GiteonCaulfied / COMP4560_stokes_ml_project

A repository that we are going to use to keep track of project evolution, notes, ideas, etc.
1 stars 0 forks source link

Meeting Outcomes 28/08/23 #5

Open rhyshawkins opened 10 months ago

rhyshawkins commented 10 months ago

Continue with autoencoder framework and add the ability to predict the latent space at the next timestep with a simple fully connected NN as a first attempt.

I've added a reference to some work of some students I saw last year and they also have a github for the project as well that may be useful to look at: https://github.com/jackmiller2003/kae-cyclones/tree/main

GiteonCaulfied commented 10 months ago

Hi,

I've implemented a basic fully connected NN to predict the latent space at the next timestep. Like how I trained the the convolutional auto-encoder, the fully connected NN is trained using the python file LatentSpace_Prediction_training.py and the job file LatentSpace_Prediction_training_job.sh. The training result is then downloaded from the remote server and then visualised in the notebook LatentSpace_Prediction_visualisation.ipynb.

I have tried two different set of hidden layers for the fully connected NN: A simpler one with 1000 and 200 neurons in its hidden layers and a more complex one with 3105 and 1035 neurons in the hidden layers. The auto-encoders used for these two fully connected NNs are also different, for the simpler one the ConvAE is the same as the last commit while for the more complex one the ConvAE is iterated with 100 more epochs than the last commit. The simple ConvAE and and the simple fully connected NN are stored in subfolder commit-5ade157 of the data folders 2D_ConvAE_results and 2D_LatentSpace_Prediction_results seperately. And the complex one directly lies in the data folders 2D_ConvAE_results and 2D_LatentSpace_Prediction_results

The size of the model files for the fully connected NNs are large, even the simpler one is about 51.3MB and the complex one is 180MB. As for the testing result for these two NNs shown in the LatentSpace_Prediction_visualisation.ipynb, they are both able to predict a majority of the features at the next timestep when I convert the predicted latent space back to original 1x201x401 size using decoder. (I also tested the performance of the auto-encoder as well, so there are 6 images in total for a testing set: Best case actual output, Best case ConvAE output, Best case latent space prediction output and 3 more for the worst case) Also, the complex one is better than the simpler one when it comes to some details in the output images.

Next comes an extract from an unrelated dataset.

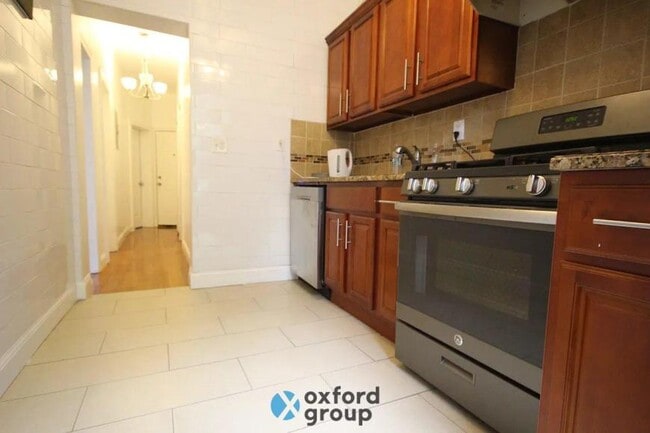 Building Photo - 3 bedroom in Brooklyn NY 11207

I haven't tested a complete cycle of the timestamps yet (from the start timestamp to the end timestamp), but I will definitely do it later to see how it comes.

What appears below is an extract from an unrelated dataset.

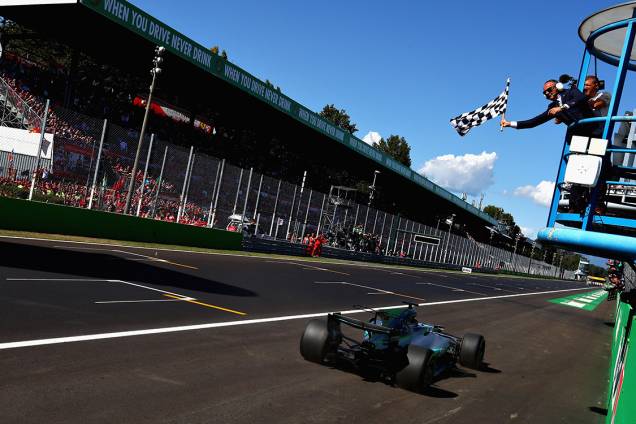 Lewis Hamilton vence o GP de Monza, na Itália Lewis Hamilton vence o GP de Monza, na Itália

The updated files will be pushed shortly after this comment.

UPDATE: The complex one (180MB) exceeds the maximum file size of the git (100MB) and I can't push it, I'll save it in my local laptop for now and try to think of a way to add it later

amartinhuertas commented 10 months ago

Nice work @GiteonCaulfied !

I haven't tested a complete cycle of the timestamps yet (from the start timestamp to the end timestamp), but I will definitely do it later to see how it comes.

Regarding this I am wondering the following regarding your current approach:

As far as I understood from yesterday's e-mail, this was the idea to account for the time step discretization adaptivity scheme.

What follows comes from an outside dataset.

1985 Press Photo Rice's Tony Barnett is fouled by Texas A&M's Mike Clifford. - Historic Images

Am I right? @rhyshawkins and @sghelichkhani?

amartinhuertas commented 10 months ago

I haven't tested a complete cycle of the timestamps yet (from the start timestamp to the end timestamp), but I will definitely do it later to see how it comes.

Let us see how this goes, but as far as I know, machine learning systems have typically much poorer performance when they are fed with synthetically-generated data (instead of true data from the data set). As far as I understand, you want to feed the output of the NN to its input in a loop, correct?

amartinhuertas commented 10 months ago

and try to think of a way to add it later

The link below is one possible option. I have not used it before, though ...

https://docs.github.com/en/repositories/working-with-files/managing-large-files

GiteonCaulfied commented 10 months ago

Hi @amartinhuertas

Regarding this I am wondering the following regarding your current approach:

  • Is the time-stamp also an input to the NeuralNet? (along with the latent space representation of the temperature field corresponding to such time-stamp).
  • Is the time-stamp of the predicted temperature field an output of the NeuralNet as well?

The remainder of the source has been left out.